25 NOV | 2014
QUARTETO DE CORDAS DE MATOSINHOS
19:30 SALA 2
Vítor Vieira violino
Juan Maggiorani violino
Jorge Alves viola
Marco Pereira violoncelo
Vasco Mendonça
Caged Symphonies [2007; C.15min.]
1. Fluxo
2. Responsório
3. Mecanismo
Fernando Lopes-Graça
Catorze anotações para quarteto de cordas [1966; c.10min.]
Felix Mendelssohn
Quarteto de cordas nº 2 em Lá menor, op.13 [1827; c.30min.]
1. Adagio – Allegro vivace
2. Adagio non lento
3. Intermezzo: Allegretto con moto – Allegro di molto
4. Presto – Adagio non lento
Vasco Mendonça (n. 1977)
Caged Symphonies
Caged Symphonies é constituída por três andamentos:
Fluxo, Responsório e Mecanismo.
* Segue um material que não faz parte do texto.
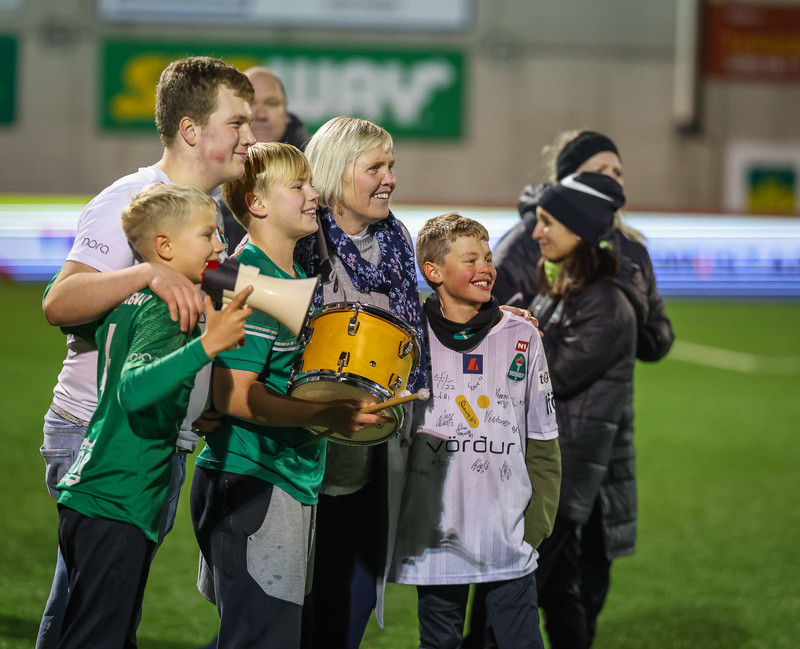 Myndaveisla: Valur hampaði skildinum í Bestu-deildinni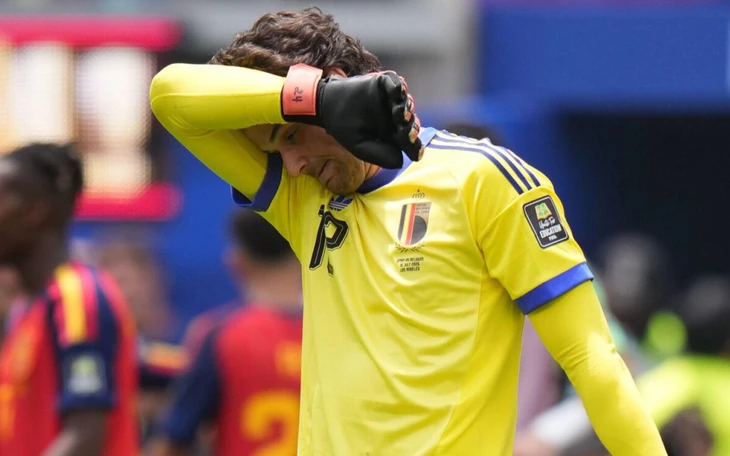 Courtois 'nói dỗi' HLV sau khi bị thay khỏi sân - Ảnh 2.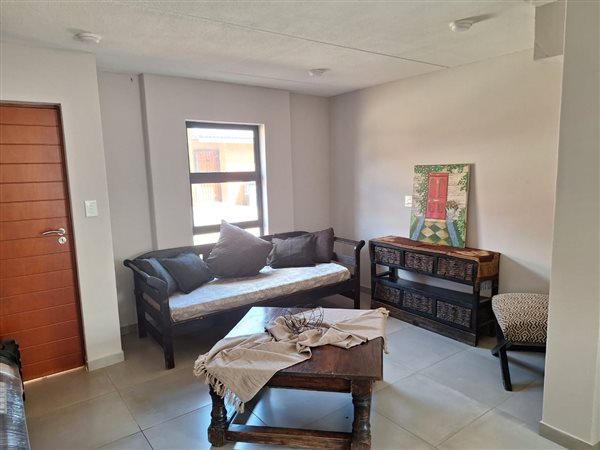 3 Bedroom Townhouse 3 Bedroom Townhouse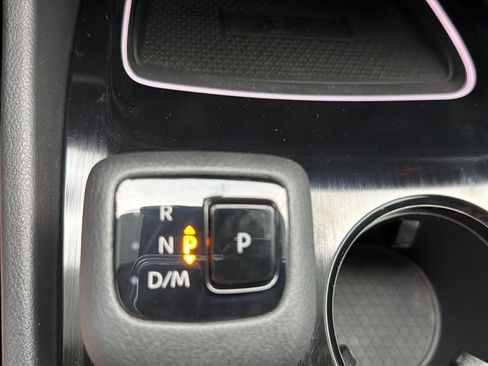 Used 2024 Nissan Rogue SL w/ SL Premium Package image 17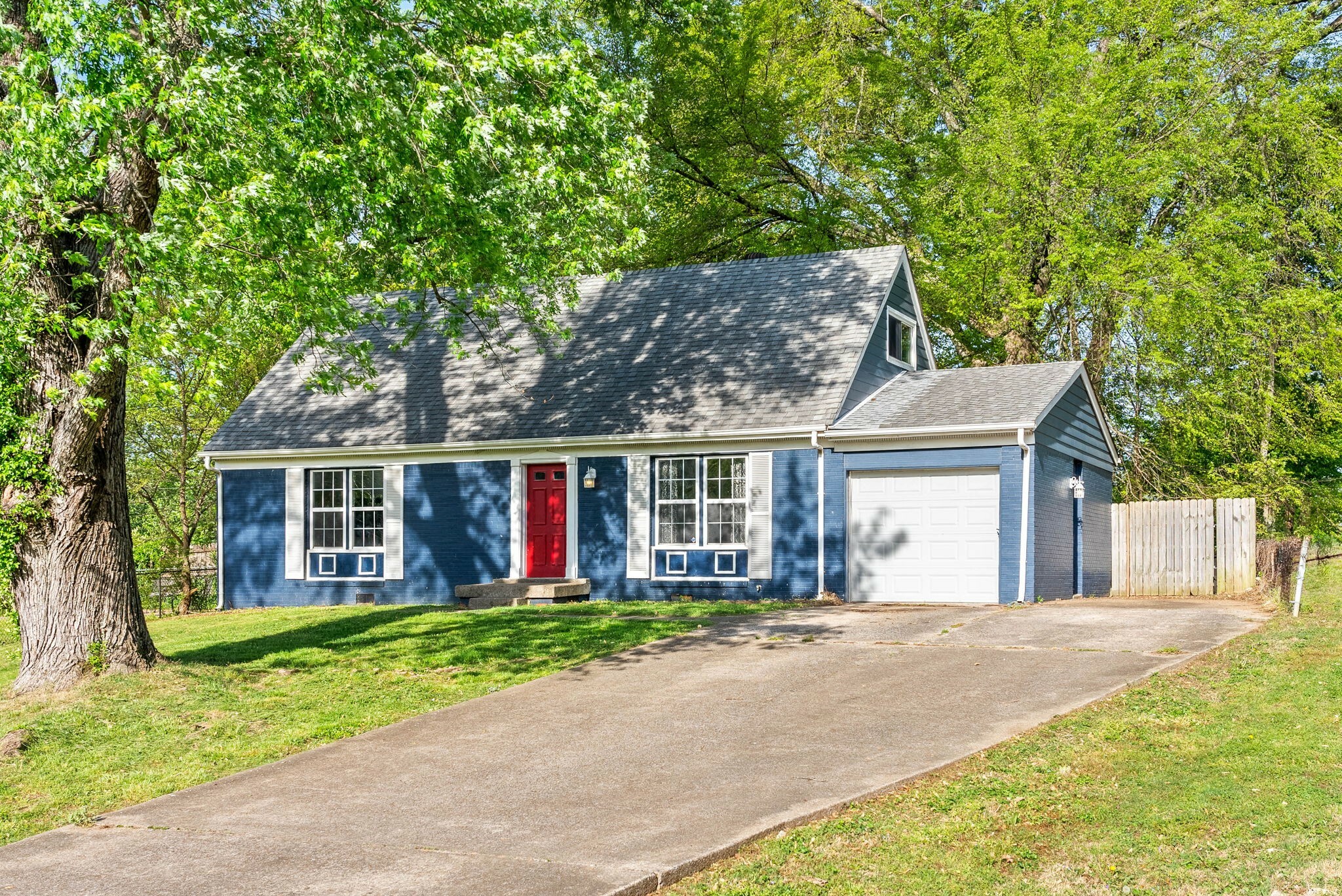 Property Photo:  123 Plantation Dr  TN 37042 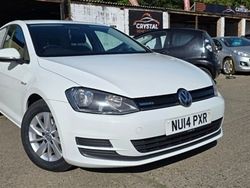 White Used 2014 VW Golf VII S Hatchback | £6,559 (Fair price)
Cada um obedece a um
plano formal pré-composicional, de elasticidade reduzida, no qual o material se vai progressivamente inscrevendo. Essa rigidez estende-se, por sua vez, aos processos de
proliferação do material, através da utilização de um sistema modal de transposições limitadas e da restrição dos
modelos rítmicos.
Fluxo desenvolve-se sobre um fluxo rítmico de unidade
constante, desdobrado em duas métricas simultâneas, a
partir do qual os gestos temáticos vão sendo apresentados e desenvolvidos. Ao longo do andamento, esta textura vai sendo interrompida por objectos de natureza contrastante, que vão sinalizando um (aparente) recomeço
da actividade.
Em Responsório, é definida uma oposição inicial solista/grupo: a uma intervenção solística irá corresponder
sempre uma resposta do grupo. Esta geografia, inspirada na prática do canto responsorial, irá sofrer transformações ao longo do andamento, à medida que cada uma
destas entidades é afectada não só pela resposta da outra, mas pela própria natureza da convenção formal.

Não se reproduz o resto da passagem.